[[ Records to process, beginning ]]

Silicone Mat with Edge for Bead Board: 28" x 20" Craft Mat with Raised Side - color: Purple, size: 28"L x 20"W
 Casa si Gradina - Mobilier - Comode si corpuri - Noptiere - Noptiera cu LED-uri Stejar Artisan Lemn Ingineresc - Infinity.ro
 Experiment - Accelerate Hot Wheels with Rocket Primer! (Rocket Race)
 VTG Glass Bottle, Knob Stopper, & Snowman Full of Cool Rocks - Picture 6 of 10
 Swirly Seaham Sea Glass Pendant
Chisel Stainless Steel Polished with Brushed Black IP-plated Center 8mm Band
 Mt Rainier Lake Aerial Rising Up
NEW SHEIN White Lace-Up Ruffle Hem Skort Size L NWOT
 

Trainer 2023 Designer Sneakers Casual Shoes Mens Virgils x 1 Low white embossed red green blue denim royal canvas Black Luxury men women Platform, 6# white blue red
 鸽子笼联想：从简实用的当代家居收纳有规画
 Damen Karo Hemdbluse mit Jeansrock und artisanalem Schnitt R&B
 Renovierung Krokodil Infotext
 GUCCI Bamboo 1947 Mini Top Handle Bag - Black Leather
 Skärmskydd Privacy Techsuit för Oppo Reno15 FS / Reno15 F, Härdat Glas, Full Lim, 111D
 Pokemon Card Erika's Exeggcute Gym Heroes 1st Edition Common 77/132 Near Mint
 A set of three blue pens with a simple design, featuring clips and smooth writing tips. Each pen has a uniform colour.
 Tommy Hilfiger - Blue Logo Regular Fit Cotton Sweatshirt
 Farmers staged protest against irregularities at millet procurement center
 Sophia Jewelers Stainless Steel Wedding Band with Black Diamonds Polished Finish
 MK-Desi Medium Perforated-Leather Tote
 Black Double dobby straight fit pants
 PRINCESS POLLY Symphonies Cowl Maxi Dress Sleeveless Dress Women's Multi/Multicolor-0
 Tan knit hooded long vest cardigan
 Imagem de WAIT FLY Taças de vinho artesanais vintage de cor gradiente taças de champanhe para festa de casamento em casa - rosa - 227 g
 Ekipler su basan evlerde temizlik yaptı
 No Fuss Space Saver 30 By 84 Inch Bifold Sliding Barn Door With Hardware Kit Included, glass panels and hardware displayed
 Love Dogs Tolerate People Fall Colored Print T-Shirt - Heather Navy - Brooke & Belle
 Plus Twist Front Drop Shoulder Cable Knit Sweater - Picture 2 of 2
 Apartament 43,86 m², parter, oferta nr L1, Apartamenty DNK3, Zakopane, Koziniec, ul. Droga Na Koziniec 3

[[ Records to process, end ]]

● **What to work on**: Please print exactly the lines from the one containing "Farmers staged protest" through the last line of the records, both included, and nothing else.

● **Exercise answer**:
 Farmers staged protest against irregularities at millet procurement center
 Sophia Jewelers Stainless Steel Wedding Band with Black Diamonds Polished Finish
 MK-Desi Medium Perforated-Leather Tote
 Black Double dobby straight fit pants
 PRINCESS POLLY Symphonies Cowl Maxi Dress Sleeveless Dress Women's Multi/Multicolor-0
 Tan knit hooded long vest cardigan
 Imagem de WAIT FLY Taças de vinho artesanais vintage de cor gradiente taças de champanhe para festa de casamento em casa - rosa - 227 g
 Ekipler su basan evlerde temizlik yaptı
 No Fuss Space Saver 30 By 84 Inch Bifold Sliding Barn Door With Hardware Kit Included, glass panels and hardware displayed
 Love Dogs Tolerate People Fall Colored Print T-Shirt - Heather Navy - Brooke & Belle
 Plus Twist Front Drop Shoulder Cable Knit Sweater - Picture 2 of 2
 Apartament 43,86 m², parter, oferta nr L1, Apartamenty DNK3, Zakopane, Koziniec, ul. Droga Na Koziniec 3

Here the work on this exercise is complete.